Gülderen'i canlandırmanın zorluklarının yanı sıra keyifli olduğunu aktaran sanatçı, "Bir şeye rağmen oynuyorsunuz ve o annenin mücadelesini anlatmaya çalışıyorsunuz. O anlamda da iştah açıcı." görüşünü paylaştı.
Bingöl, dijital çağın zorluklarına da işaret ederek, şu bilgileri verdi:
"Ben de bir ebeveyn olarak zorlandım. Uyum sağlamaya çalışıp bir taraftan da çocuklarımı korumaya çalıştım. Tamamen dürüstçe, çocuklarımızla açık açık konuşabildiğimiz, birbirimizle sonsuz güvenle her şeyi paylaşabildiğimiz noktada onları koruyabileceğimizi düşünüyorum. O sebeple açık iletişimden ve belli sınırlardan yanayım açıkçası."

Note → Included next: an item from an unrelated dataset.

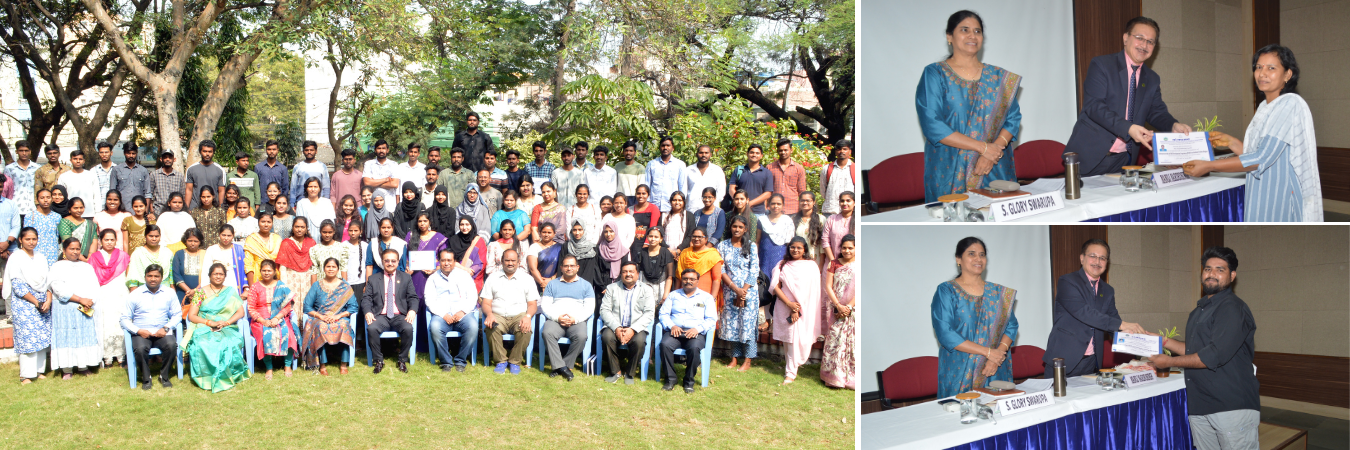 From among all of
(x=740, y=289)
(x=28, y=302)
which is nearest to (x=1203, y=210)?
(x=740, y=289)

Tek mekanda çekim yapıldığına dikkati çeken Bingöl, "O yüzden benim açımdan konforluydu. Çok bildiğim ve sevdiğim bir ekiple ve oyuncu arkadaşlarımla çalışmak ayrıca zevkli. Tadı damağımda kaldı. Mesela bugün ben son sahnemi çekeceğim ve filmde işim bitiyor. Biraz daha işim olsaydı aslında birkaç gün daha çalışırdım. Çok tatlıydık. Tadı damağımda kalan film. Beyaz perdede merakla seyredeceğim." ifadelerini kullandı.

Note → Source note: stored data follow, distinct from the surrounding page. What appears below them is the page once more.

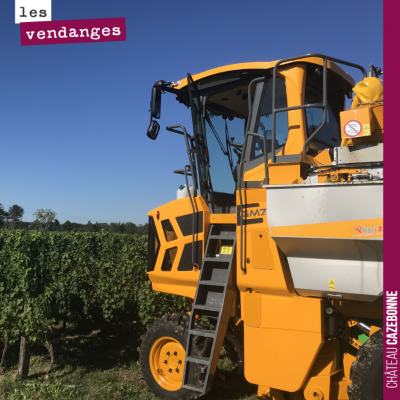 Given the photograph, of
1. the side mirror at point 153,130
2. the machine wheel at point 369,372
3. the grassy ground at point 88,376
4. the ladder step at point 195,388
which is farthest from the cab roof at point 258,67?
the grassy ground at point 88,376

Oyuncu Erkan Petekkaya ile çok uyumlu çalıştıklarını belirten Bingöl, sözlerini şöyle sürdürdü:
"Hem oyunculuk anlamında aramızdaki sinerji hem de iletişimimiz her zaman çok pozitifti. Bu bence bizim yaptığımız işlere yansıyor. Birbirimizle oynamaktan keyif alıyoruz. Ben mesela birlikte sahne çekerken onunla oynamayı ne kadar çok özlediğimi fark ettim. Ya da uzun zamandır herhangi bir partnerimle yaşamadığım ama bizim çok eskiden yaşadığımız, o sözsüz anlarda gözlerimizin içine bakıp ne demek istediğimizi sezmemizi çok özlemişim. Bu bana oyuncu olarak çok iyi geldi."

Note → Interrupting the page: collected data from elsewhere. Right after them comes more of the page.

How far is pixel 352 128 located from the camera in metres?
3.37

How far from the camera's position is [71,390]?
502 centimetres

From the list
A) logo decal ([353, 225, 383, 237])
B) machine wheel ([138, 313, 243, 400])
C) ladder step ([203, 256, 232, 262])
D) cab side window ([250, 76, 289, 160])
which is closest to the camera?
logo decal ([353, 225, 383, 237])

Bingöl, daha önce "Müslüm" filminde çalıştığı ekiple yeniden bir arada olduklarını vurgulayarak, "Daha önce tanıştığım ve çalıştığım bir ekip olduğu için çok bildik ve tanıdık insanlarla olmanın konforu, böyle bir senaryo içinde de yerimizin sağlamlığını bilmek, dramatik olarak da bir oyuncu için bulunmaz bir nimet. O anlamda şanslıyım." dedi.
"Al Beni Baba" filminin gelecek yıl başında vizyona girmesi planlanıyor.